Relatives of those on the missing flight who were waiting at Beijing Capital International Airport were taken to a hotel and kept waiting in a room for hours, prompting complaints. One woman said no one from Malaysia Airlines had come to the room to talk to relatives.
Liu Meng, 26, who works for a communications company, said he had been waiting for his boss to arrive from Malaysia since 6 a.m. “I was able to contact him up until yesterday afternoon,” Mr. Liu said. “After that, nothing.”
At the Kuala Lumpur airport, a grief-stricken relative of a passenger aboard MH370 screamed uncontrollably as he was escorted out of the terminal by airline employees.
“Be truthful about this!” said the man, Koon Chim Wa, whose booming voice echoed through the cavernous terminal.
“They say they don’t know where the plane is,” Mr. Koon said, his hands and body shaking. “Is this a joke?”
Lt. Col. Pham Hong Soi, the head of the propaganda department of the Vietnam Navy for the region near the crash site, said one rescue vessel had already been ordered to sea and two more were ready for departure.
Malaysia’s prime minister, Mr. Najib, said in a statement that 15 aircraft and nine ships were searching for the missing plane. Without saying where his government suspected that the plane disappeared, he added, “Our priority now is to widen the search area and provide support to relatives of those missing.”
The United States Seventh Fleet said it was sending a destroyer, the Pinckney, and a P-3C maritime surveillance aircraft to join the search for Flight MH370.
In addition, the Chinese State Oceanic Administration said it had sent a Coast Guard ship to the area where the plane might have gone down. “It is traveling at full speed to the waters, and is expected to reach there on the afternoon of the 9th,” said a statement on the administration’s website.

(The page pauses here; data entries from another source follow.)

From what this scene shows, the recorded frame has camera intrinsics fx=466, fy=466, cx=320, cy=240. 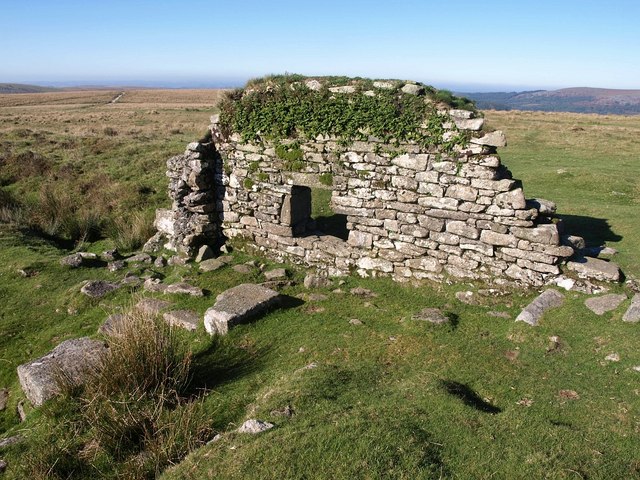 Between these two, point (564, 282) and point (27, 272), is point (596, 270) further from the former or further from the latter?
point (27, 272)

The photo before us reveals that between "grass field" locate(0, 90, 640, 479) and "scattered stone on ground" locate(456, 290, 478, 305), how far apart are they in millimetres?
105

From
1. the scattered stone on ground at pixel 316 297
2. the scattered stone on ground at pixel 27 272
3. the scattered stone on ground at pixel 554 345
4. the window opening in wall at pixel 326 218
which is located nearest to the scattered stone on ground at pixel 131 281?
the scattered stone on ground at pixel 27 272

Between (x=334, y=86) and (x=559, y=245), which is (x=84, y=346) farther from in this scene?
(x=559, y=245)

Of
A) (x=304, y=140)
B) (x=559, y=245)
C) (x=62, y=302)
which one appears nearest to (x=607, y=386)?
(x=559, y=245)

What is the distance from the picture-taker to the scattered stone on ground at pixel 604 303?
7500mm

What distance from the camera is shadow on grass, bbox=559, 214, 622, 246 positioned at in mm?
11232

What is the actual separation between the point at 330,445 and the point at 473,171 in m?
5.79

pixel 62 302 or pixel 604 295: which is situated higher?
pixel 604 295

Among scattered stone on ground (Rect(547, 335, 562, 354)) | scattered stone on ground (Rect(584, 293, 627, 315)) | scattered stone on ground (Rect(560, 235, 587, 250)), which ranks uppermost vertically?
scattered stone on ground (Rect(560, 235, 587, 250))

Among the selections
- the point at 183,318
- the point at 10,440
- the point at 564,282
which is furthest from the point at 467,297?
the point at 10,440

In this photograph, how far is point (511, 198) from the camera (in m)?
8.24

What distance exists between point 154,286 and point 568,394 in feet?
24.9

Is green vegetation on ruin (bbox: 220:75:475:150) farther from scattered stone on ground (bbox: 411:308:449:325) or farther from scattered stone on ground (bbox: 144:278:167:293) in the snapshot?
scattered stone on ground (bbox: 144:278:167:293)

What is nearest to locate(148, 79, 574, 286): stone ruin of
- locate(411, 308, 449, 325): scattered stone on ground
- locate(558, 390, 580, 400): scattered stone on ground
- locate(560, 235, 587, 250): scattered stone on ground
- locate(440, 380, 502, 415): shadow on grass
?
locate(560, 235, 587, 250): scattered stone on ground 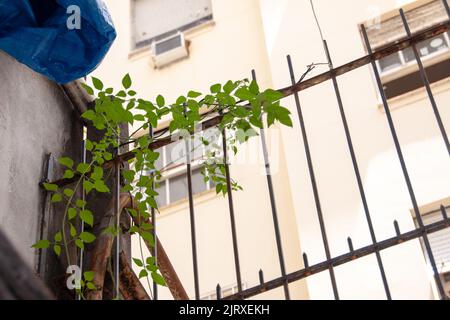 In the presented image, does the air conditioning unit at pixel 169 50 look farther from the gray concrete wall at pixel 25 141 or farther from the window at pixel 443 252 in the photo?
the gray concrete wall at pixel 25 141

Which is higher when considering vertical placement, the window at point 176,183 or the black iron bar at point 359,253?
the window at point 176,183

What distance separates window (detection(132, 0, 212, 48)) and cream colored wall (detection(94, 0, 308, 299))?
219 millimetres

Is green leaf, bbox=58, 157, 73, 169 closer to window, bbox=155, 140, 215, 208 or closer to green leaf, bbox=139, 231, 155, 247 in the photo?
green leaf, bbox=139, 231, 155, 247

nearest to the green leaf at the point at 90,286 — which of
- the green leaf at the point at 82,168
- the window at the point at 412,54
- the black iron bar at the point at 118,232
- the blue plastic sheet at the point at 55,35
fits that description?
→ the black iron bar at the point at 118,232

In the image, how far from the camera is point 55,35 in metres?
2.93

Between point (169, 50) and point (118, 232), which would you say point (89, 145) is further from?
point (169, 50)

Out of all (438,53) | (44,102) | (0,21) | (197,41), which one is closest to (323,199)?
(438,53)

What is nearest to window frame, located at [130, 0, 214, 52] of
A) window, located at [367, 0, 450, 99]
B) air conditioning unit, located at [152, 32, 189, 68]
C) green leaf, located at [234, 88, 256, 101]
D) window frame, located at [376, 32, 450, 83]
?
air conditioning unit, located at [152, 32, 189, 68]

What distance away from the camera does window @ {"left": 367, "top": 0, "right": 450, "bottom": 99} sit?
29.1 feet

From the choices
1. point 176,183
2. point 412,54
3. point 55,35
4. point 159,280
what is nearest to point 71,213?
point 159,280

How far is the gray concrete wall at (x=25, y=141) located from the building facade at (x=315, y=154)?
481 centimetres

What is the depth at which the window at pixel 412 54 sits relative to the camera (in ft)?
29.1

The Chinese Ministry of Transport said a team of scuba divers who specialize in emergency rescues and recovery had been assembled on Hainan, the southern island-province, to prepare to go on Sunday to the area where the where airliner may have gone down.

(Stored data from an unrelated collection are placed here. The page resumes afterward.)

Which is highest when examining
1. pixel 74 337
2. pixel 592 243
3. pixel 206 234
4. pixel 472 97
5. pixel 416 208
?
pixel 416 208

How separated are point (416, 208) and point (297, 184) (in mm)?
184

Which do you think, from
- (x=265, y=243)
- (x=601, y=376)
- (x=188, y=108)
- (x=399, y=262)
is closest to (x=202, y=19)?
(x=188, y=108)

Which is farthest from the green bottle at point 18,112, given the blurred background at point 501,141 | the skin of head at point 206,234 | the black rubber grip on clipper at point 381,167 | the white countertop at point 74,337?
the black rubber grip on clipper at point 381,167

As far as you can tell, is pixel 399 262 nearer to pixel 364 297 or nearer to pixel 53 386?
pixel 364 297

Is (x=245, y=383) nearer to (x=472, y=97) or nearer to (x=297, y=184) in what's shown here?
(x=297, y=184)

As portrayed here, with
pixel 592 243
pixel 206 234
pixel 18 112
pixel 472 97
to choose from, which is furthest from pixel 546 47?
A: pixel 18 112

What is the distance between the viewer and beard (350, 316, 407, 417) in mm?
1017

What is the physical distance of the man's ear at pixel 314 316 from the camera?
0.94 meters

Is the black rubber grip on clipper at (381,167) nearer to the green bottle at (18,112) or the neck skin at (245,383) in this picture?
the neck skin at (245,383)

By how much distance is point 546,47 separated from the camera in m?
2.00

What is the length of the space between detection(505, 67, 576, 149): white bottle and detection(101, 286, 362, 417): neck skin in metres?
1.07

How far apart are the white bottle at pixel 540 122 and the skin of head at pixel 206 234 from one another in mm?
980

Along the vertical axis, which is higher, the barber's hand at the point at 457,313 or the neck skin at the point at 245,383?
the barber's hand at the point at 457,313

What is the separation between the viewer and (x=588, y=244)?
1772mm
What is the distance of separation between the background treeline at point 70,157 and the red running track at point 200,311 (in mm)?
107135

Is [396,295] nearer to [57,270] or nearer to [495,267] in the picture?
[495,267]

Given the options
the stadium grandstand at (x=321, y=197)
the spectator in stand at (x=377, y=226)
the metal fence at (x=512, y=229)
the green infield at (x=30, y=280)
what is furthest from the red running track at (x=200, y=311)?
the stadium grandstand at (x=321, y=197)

China Central Television said that according to Chinese air traffic control officials, the aircraft never entered Chinese airspace.
Boeing said in a statement that it was assembling a team of technical experts to advise the national authorities investigating the disappearance of the aircraft.
One uncertainty about the flight involved the timing of its disappearance from radar. Malaysia Airlines said it took off at 12:41 a.m. Malaysia time and disappeared from air traffic control radar in Subang, a suburb of Kuala Lumpur, at 2:40 a.m.
That timeline seemed to suggest that the plane stayed in the air for two hours — long enough to fly not only across the Gulf of Thailand but also far north across Vietnam. But Mr. Lindahl of Flightradar 24 said that the last radar contact had been at 1:19 a.m., less than 40 minutes after the flight began.
A Malaysia Airlines spokesman said on Saturday evening that the last conversation between the flight crew and air traffic control in Malaysia had been around 1:30 a.m., but he reiterated that the plane had not disappeared from air traffic control systems in Subang until 2:40 a.m.
Arnold Barnett, a longtime Massachusetts Institute of Technology specialist in aviation safety statistics, said that before the disappearance of the plane, Malaysia Airlines had suffered two fatal crashes, in 1977 and 1995. Based on his estimate that Malaysia Airlines operates roughly 120,000 flights a year, he calculated that the airline’s safety record was consistent with that of airlines in other fairly prosperous, middle-income countries but had not yet reached the better safety record of airlines based in the world’s richest countries.
Malaysia, near the Equator, is a popular winter vacation destination for affluent residents of chilly, smoggy Beijing.
The list of Chinese passengers aboard the missing flight included the names of artists who had attended a meeting in Kuala Lumpur, said the newspaper Beijing News. Other reports said the missing included members of a returning delegation of Buddhists.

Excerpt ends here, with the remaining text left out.